Nina Lubomierski holt mit der Fußsohle eine Verschlusskappe von der Flasche. Ein Video vom Karate-Tritt postet die Landshuter Dekanin auf ihrem Instagram-Account @goodnewsfromLA. "Was man nachts um viertel nach elf zusammen mit der Tochter noch so alles anstellen kann", liest man im Subtext. Die Tochter hat das Video gedreht.

Freizeit von Pfarrerinnen

Wer wissen möchte, was Pfarrerinnen so machen, muss nur Lubomierskis Account aufrufen: Nina beim Mountainbiken, beim Schwimmen, beim Wandern. Nina im Freizeitlook am Boden liegend, Talar und Abendmahlskoffer samt Inhalt daneben ausgebreitet. Fast alles ist eine kleine Challenge: Wenn sie einen Monat lang täglich Tischgebete postet, wird dazu noch das Foto eines selbst gekochten Menüs serviert. Dankbarkeit für das Essen: "Ich habe dazu viele positive Rückmeldungen erhalten", sagt Lubomierski, die promovierte Theologin ist.

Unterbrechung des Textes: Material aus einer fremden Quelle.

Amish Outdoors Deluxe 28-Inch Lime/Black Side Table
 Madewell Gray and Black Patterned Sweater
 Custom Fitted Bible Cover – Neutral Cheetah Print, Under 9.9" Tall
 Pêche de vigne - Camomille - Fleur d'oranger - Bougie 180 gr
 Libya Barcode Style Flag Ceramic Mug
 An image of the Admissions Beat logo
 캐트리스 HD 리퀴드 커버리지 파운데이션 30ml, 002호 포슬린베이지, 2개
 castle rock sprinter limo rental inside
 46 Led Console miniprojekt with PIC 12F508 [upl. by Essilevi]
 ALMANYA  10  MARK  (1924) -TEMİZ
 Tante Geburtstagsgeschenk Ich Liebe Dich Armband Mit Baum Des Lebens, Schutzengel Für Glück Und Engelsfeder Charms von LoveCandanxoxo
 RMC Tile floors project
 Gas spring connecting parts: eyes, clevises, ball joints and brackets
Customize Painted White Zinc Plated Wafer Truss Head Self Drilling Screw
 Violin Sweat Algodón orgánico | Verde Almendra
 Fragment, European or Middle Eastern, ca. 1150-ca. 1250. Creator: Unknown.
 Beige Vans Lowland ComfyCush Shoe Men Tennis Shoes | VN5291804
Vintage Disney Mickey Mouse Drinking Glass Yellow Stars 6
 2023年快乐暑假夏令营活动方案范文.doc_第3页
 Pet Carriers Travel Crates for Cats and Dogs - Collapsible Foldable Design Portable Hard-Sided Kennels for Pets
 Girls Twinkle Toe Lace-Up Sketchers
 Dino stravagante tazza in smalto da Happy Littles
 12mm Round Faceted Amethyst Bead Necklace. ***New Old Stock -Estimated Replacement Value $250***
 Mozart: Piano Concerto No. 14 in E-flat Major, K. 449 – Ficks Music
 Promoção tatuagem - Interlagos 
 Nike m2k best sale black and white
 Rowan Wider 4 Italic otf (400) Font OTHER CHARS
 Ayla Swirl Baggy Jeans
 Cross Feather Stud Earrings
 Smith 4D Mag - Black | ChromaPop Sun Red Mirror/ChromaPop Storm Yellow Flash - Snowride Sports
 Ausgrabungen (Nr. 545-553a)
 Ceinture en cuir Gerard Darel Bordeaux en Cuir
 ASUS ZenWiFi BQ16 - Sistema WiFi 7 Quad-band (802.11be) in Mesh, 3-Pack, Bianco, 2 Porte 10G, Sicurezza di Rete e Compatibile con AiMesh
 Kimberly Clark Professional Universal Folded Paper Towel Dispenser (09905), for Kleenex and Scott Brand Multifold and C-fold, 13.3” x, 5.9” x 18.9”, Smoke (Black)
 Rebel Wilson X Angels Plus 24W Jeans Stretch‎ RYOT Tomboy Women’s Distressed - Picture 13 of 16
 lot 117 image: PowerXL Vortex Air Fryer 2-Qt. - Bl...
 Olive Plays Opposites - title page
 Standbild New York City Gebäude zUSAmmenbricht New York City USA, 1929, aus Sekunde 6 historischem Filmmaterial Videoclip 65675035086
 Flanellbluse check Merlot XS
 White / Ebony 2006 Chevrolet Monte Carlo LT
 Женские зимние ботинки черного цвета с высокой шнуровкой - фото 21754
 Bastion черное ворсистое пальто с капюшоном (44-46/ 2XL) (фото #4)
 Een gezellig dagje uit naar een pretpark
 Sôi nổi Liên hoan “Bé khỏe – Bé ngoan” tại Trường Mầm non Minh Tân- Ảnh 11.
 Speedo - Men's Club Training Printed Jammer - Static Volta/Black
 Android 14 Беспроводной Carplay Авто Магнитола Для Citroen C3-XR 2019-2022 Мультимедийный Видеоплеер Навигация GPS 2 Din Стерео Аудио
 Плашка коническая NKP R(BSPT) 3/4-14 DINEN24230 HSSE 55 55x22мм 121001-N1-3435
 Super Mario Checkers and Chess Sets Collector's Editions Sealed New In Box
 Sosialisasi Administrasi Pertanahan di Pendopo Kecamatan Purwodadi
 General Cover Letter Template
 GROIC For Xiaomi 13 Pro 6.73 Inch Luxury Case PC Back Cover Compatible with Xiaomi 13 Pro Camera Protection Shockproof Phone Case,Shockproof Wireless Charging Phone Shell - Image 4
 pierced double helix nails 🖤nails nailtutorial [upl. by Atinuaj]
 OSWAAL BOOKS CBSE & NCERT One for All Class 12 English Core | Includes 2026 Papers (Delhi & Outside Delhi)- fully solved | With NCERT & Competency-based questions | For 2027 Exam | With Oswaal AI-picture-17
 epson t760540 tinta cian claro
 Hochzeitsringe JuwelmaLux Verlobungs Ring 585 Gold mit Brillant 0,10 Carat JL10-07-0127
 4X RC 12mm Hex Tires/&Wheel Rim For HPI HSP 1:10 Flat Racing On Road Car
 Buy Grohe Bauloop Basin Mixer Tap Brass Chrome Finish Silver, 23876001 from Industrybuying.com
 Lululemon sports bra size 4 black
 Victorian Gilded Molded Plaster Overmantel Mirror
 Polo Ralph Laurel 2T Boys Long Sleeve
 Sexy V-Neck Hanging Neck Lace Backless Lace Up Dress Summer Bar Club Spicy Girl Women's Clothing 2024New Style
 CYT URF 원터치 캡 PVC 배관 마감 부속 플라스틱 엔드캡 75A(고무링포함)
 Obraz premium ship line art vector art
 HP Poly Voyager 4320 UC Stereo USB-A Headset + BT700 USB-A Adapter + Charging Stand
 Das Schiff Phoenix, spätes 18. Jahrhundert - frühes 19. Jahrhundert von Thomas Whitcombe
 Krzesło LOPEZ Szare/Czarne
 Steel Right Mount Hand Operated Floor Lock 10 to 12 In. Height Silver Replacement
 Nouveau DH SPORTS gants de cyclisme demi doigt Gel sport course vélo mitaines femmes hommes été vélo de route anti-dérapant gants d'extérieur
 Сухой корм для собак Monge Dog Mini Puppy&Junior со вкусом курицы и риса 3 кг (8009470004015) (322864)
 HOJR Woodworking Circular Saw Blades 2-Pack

Das Kirchenpersonal hat das Internet entdeckt - nicht erst seit Corona. Aber die Pandemie mit ihren eingeschränkten Möglichkeiten für Präsenz-Gottesdienste hat die Entwicklung beschleunigt. Kirchengemeinden pflegen ihre Homepages, streamen Gottesdienste, senden Worte zur Ermutigung als WhatsApp oder stellen Kirchenmusik online auf YouTube.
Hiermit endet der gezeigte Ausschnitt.